Ainsi finit la chevalerie de la Table-Ronde. Il ne reste plus au roi Arthur qu’à mourir, et la dernière ressource de Genièvre, c’est la pénitence et la prière. L’idéal d’Arthur s’est flétri comme une fleur délicate exposée aux vents glacés. C’est dans cet étiolement mélancolique de l’idéal rêvé que consiste tout l’intérêt moral et dramatique de Genièvre, et en un sens aussi c’est en cela que consiste le principal intérêt des quatre poèmes qu’il a plu à M. Tennyson de baptiser du nom d’Idylles du Roi. Il est triste de contempler le dépérissement inévitable des plus nobles projets et de voir toutes ces belles aspirations, qui semblaient pareilles aux plus légères vapeurs, tomber à terre comme un brouillard trop lourd pour s’élever. Arthur, le type de la loyauté, est trahi ; Merlin, le type de la sagesse, sera ensorcelé par une fée artificieuse. Elaine, la fille blanche comme un lis, ouvrira ses bras pour embrasser son idéal, représenté sous la forme très visible de Lancelot, et, comme Ixion, elle étreindra un nuage. Si l’idéal n’avait encore à lutter que contre les rébellions de la brutale réalité, la partie serait égale, et le monde pourrait contempler ce que les Anglais appellent a fair play ; mais non, l’âme se tourmente elle-même : à chaque instant, le soupçon, comme un ver secret, piquera votre confiance, et des doutes pareils à des fumées légères terniront votre amour, si bien que la possession même de votre idéal vous paraîtra une chimère, et que réalisé, il sera pour ainsi dire comme s’il n’était pas.

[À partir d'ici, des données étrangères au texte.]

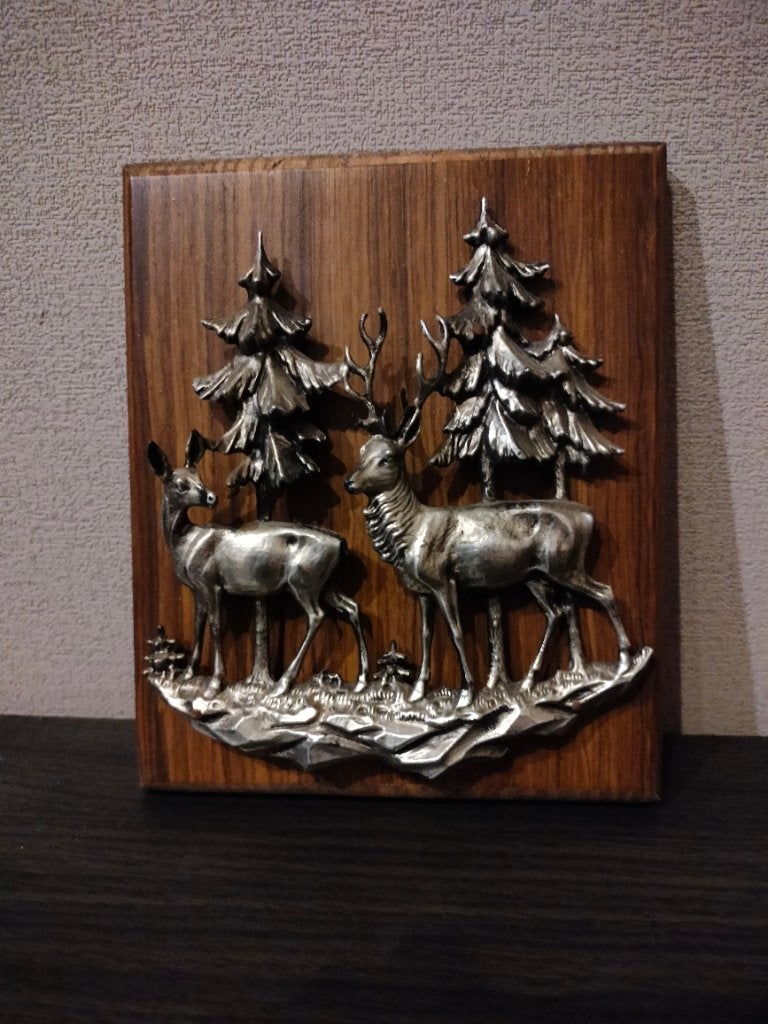 Mooi hertentafereel in bos , metaal op hout, Wandsculptuur, 20 cm, 17 cm, Hout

C’est l’histoire du chevalier Géraint, qui crut faussement à l’infidélité de la belle Enide, et s’aperçut de son erreur assez à temps pour réparer ses torts. L’aima-t-il dans la suite comme il l’avait aimée dans le passé ? Les chroniqueurs et le poète l’affirment, et pourtant le fait est contestable. Sa confiance par ce doute malheureux avait perdu sa fleur ; il avait acquis par sa propre faute la preuve de la fragilité de son idéal.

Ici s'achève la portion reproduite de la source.